(Task details): Your output should be an exact copy of the records, with no pictures in it.

(Data extract):
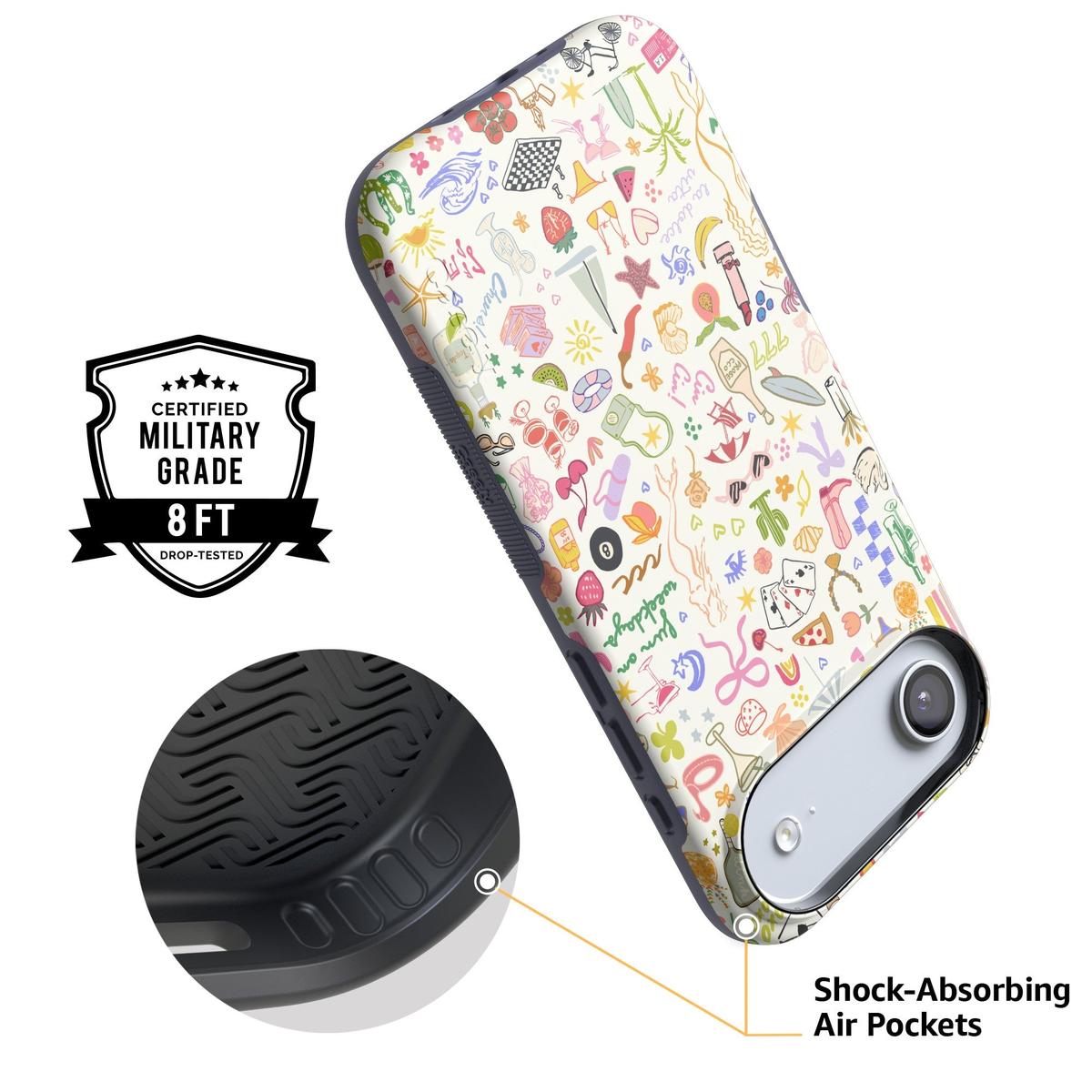 All the Fun Things | Fun on Weekdays Case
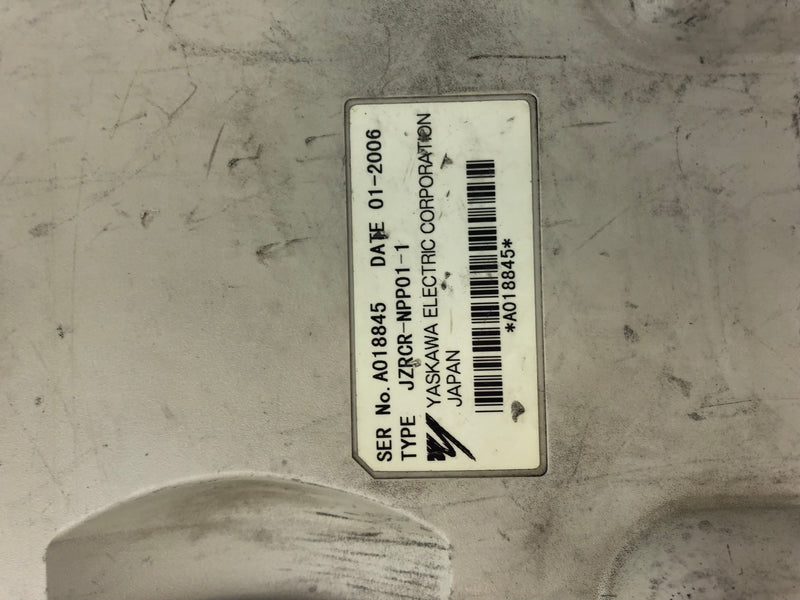 Yaskawa Electric Motoman JZRCR-NPP01-1 Teach Pendant NKS-005E A018845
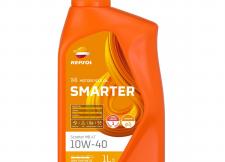 REPSOL SMARTER 4T 10w40 1LITRE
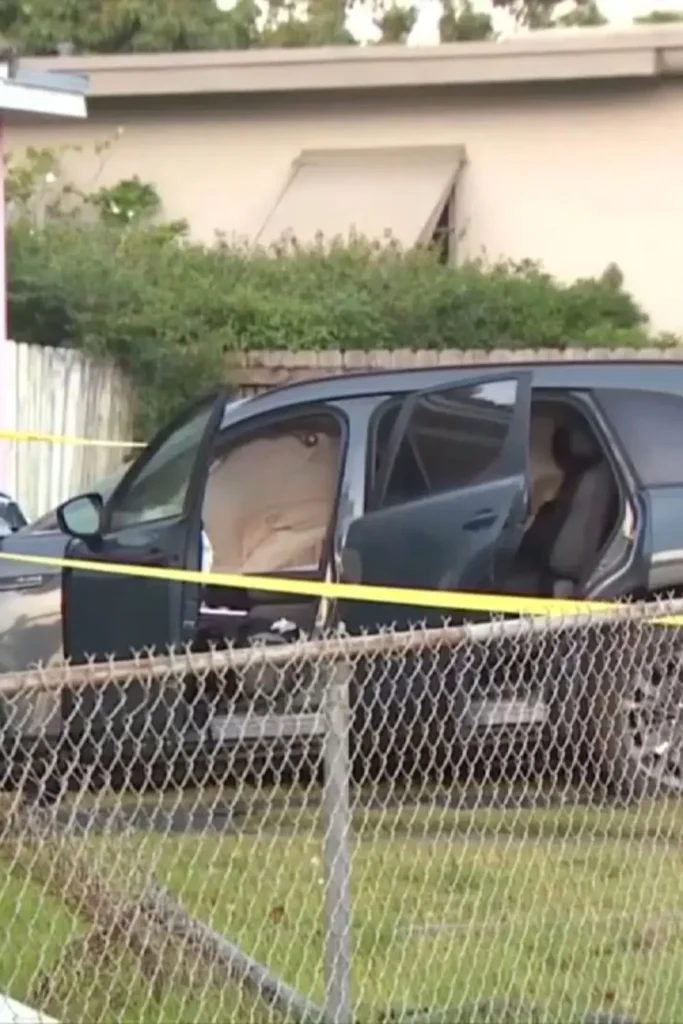 Car Slams Into Southwest Miami-Dade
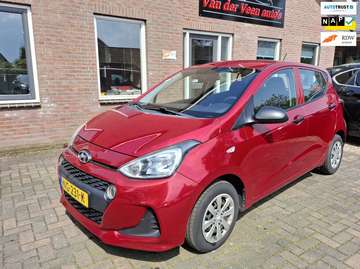 1.0i i-Motion. Zeer netjes en goed onderhouden. O.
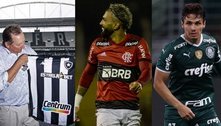 Saiba quanto cada clube brasileiro recebe por patrocínio na camisa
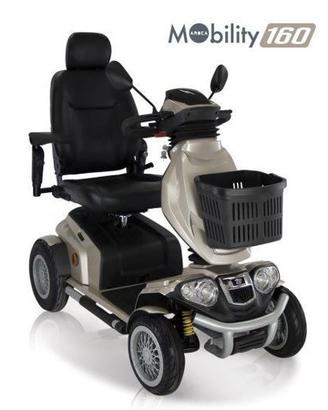 scooter elettrico 4 ruote 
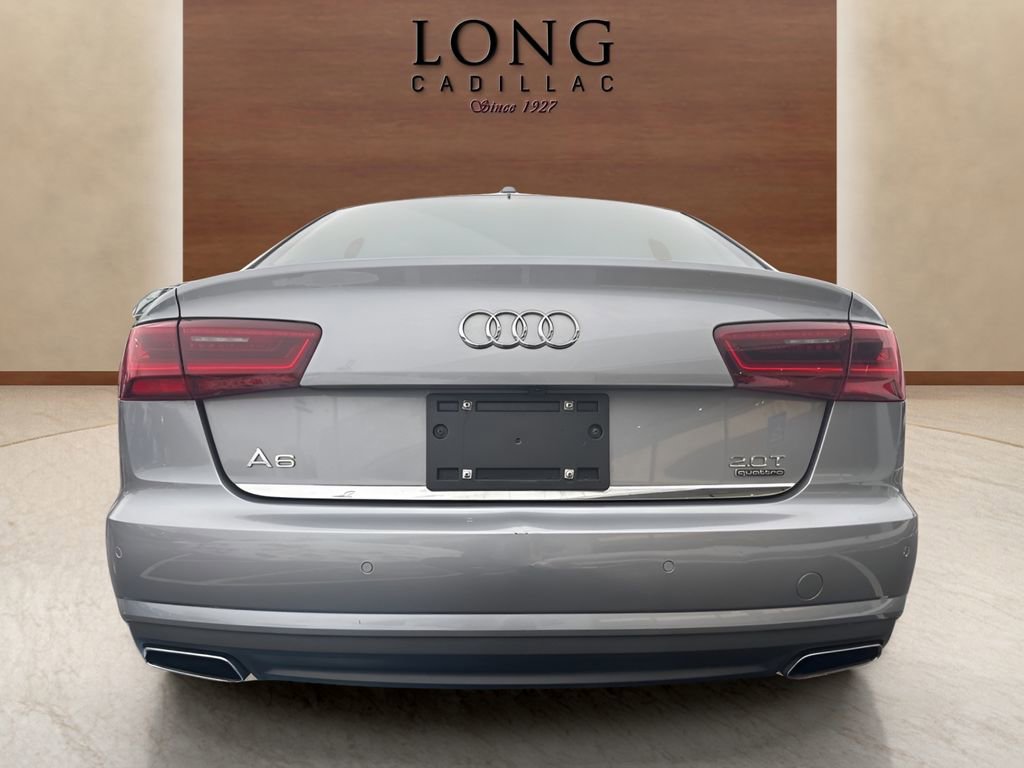 Used 2016 Audi A6 2.0T Premium Plus w/ Premium Plus Package image 4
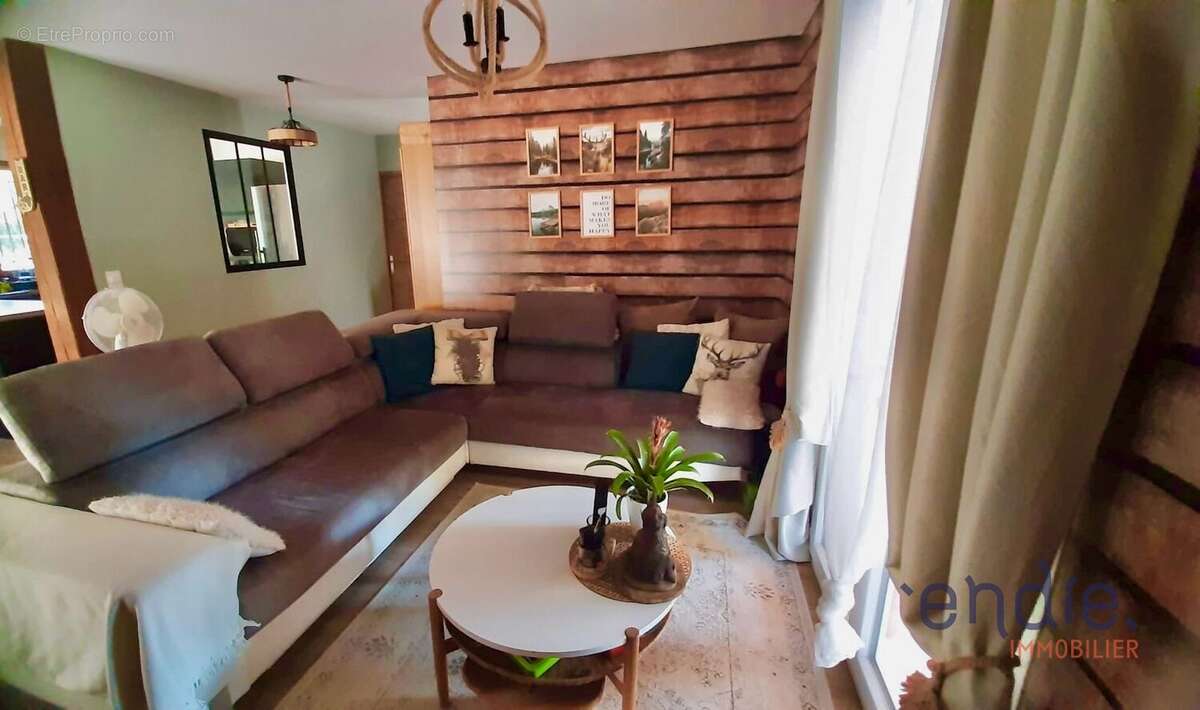 Maison à LE THORONET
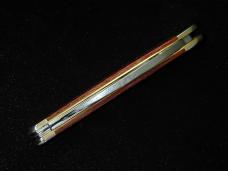 Case xx 2025 Smooth Dark Red Burlap Micarta Seahorse Whittler Knife 12276 USA Made NMIB 10355WH CS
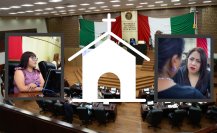 Acusa diputada de actos delictivos al Arzobispo de Durango; legisladora rival lo defiende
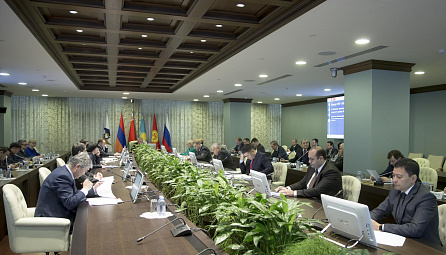 EEC approved amendments to Technical Regulations 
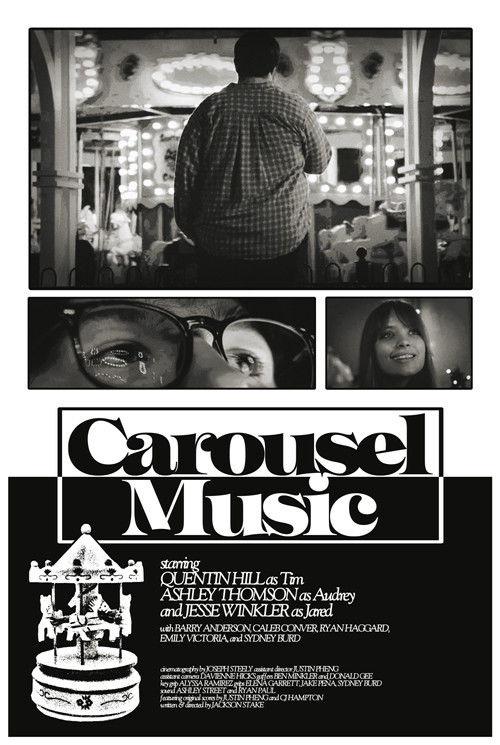 Carousel Music poster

(Exercise solution):
 All the Fun Things | Fun on Weekdays Case
 Yaskawa Electric Motoman JZRCR-NPP01-1 Teach Pendant NKS-005E A018845
 REPSOL SMARTER 4T 10w40 1LITRE
 Car Slams Into Southwest Miami-Dade
 1.0i i-Motion. Zeer netjes en goed onderhouden. O.
 Saiba quanto cada clube brasileiro recebe por patrocínio na camisa
 scooter elettrico 4 ruote 
 Used 2016 Audi A6 2.0T Premium Plus w/ Premium Plus Package image 4
 Maison à LE THORONET
 Case xx 2025 Smooth Dark Red Burlap Micarta Seahorse Whittler Knife 12276 USA Made NMIB 10355WH CS
 Acusa diputada de actos delictivos al Arzobispo de Durango; legisladora rival lo defiende
 EEC approved amendments to Technical Regulations 
 Carousel Music poster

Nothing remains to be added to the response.